What do you know to be true?
What have you learned about how to be a human being in this world?
What has life taught you that you’d want to pass on to those you love?
Taken all together, these truths are your “torah.” (Torah, in Hebrew, means “teaching.”)
Every person writes a Torah with their life. It’s a personal collection of wisdom gathered from our experiences and stories.
The great Hasidic master Yehudah Aryeh Leib Alter, known as the Sfat Emet says it like this:
Every person has his or her own piece of Torah. The complete Torah was given to the Jewish people as a whole. However, each person has a personal teaching, his or her own Torah, inside them. This is hidden within the soul. There is a piece of Torah that can be learned from every person.

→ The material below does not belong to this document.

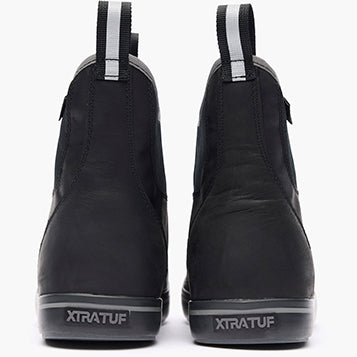 Women's Leather Ankle Deck Boot - Image 5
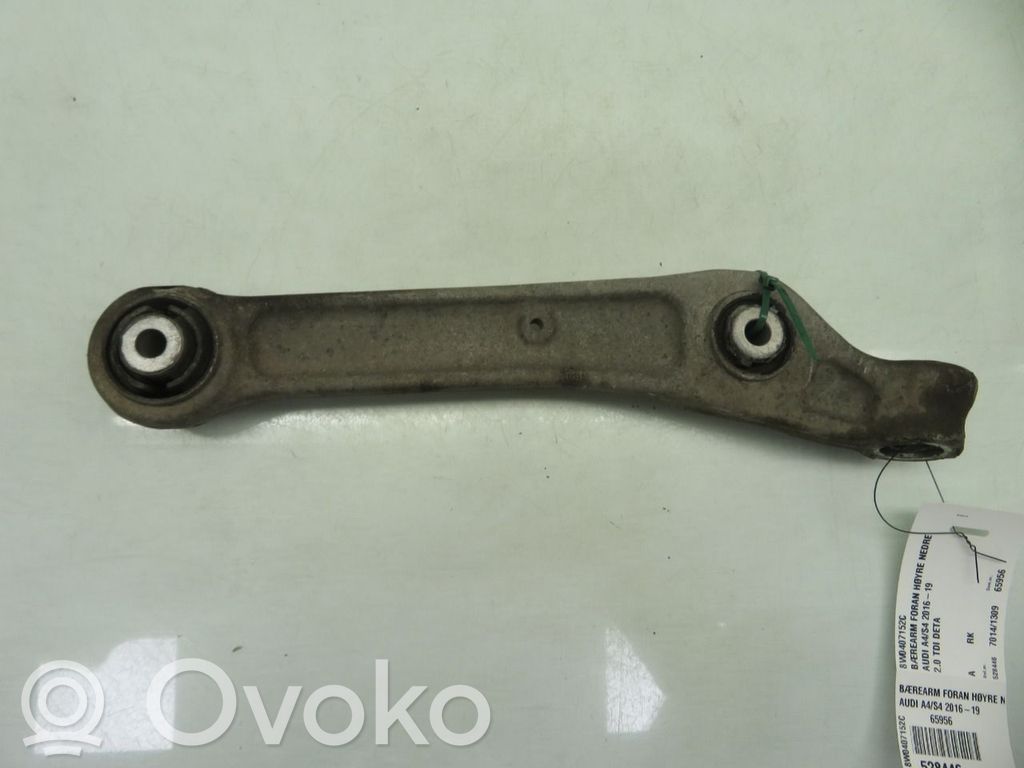 Audi A4 S4 B9 Braccio di controllo sospensione anteriore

As we get ready to celebrate the giving and receiving of our collective Torah on Shavuot, I’m reminded to revisit what I believe to be true. The rabbis believed that the Torah that was given and received on Mt. Sinai revealed wisdom that is ongoing and living. It’s what we “know to be true” as a people.
I have found it instructive to think about HOW I came to these truths as well.

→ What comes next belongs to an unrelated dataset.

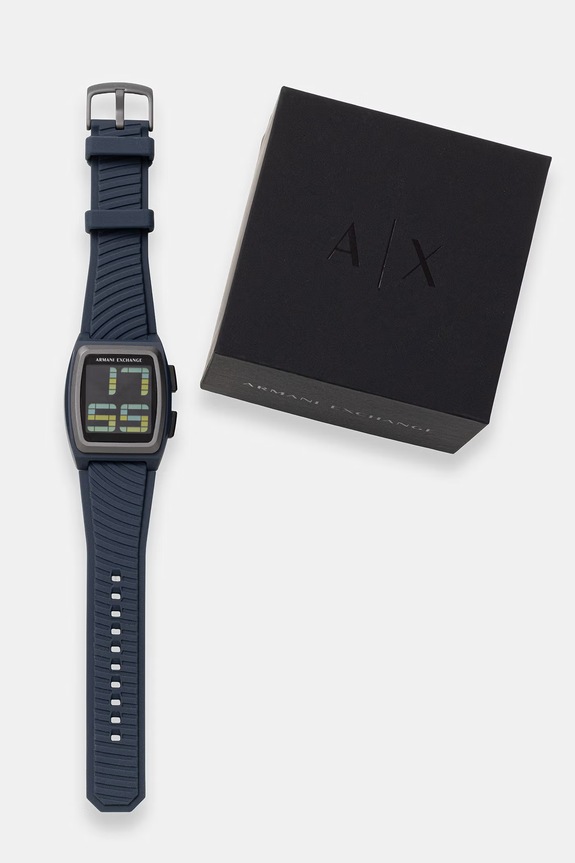 Akcesoria Armani Exchange zegarek sportowy męski Kelvin AX2970 niebieski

My torah is not simply made up of platitudes found in a book.
No, these truths are hard-won, often the result of difficult experiences, trial and error.
Yet – those are the best kind of lessons because gaining wisdom from pain is “wrestling a blessing” like our ancestor Jacob did when he struggled with that man ( the ish.) After that night of wrestling, he gets a new name – he is forever changed.
Here are a few bits of wisdom from my own life. What are yours?
- In order to grow a beautiful garden, I need to build the soil. And this takes time. I need to assess the state of the soil so that the roots can grow. The invisible is as important as the visible: the microbes and earthworms and minerals need to be tended so that the showy flowers and vegetables put into the soil will be solidly rooted.
- And how did I come to this piece of wisdom that I have not only applied to gardens, but to relationships and groups and raising children…? By failing at my first garden attempt. And then, seeking out books, classes, and experts to learn how to do it right.
- When I feel unhappy or lonely, reaching out to help someone else really helps me! When I extend my hand to others who are in pain, I’m lifted to a new consciousness. I can’t stay stuck when I am being present for another human being.
- This insight came to me when I was a freshman in college, going through a spate of depression. I remember distinctly the moment when one of my dorm mates was going through an even harder time. I sat with her, listened and when I got up from that conversation, I felt my own depression fade. And I remember saying to myself: remember this: when I’m in a bad place, reach out to help someone else.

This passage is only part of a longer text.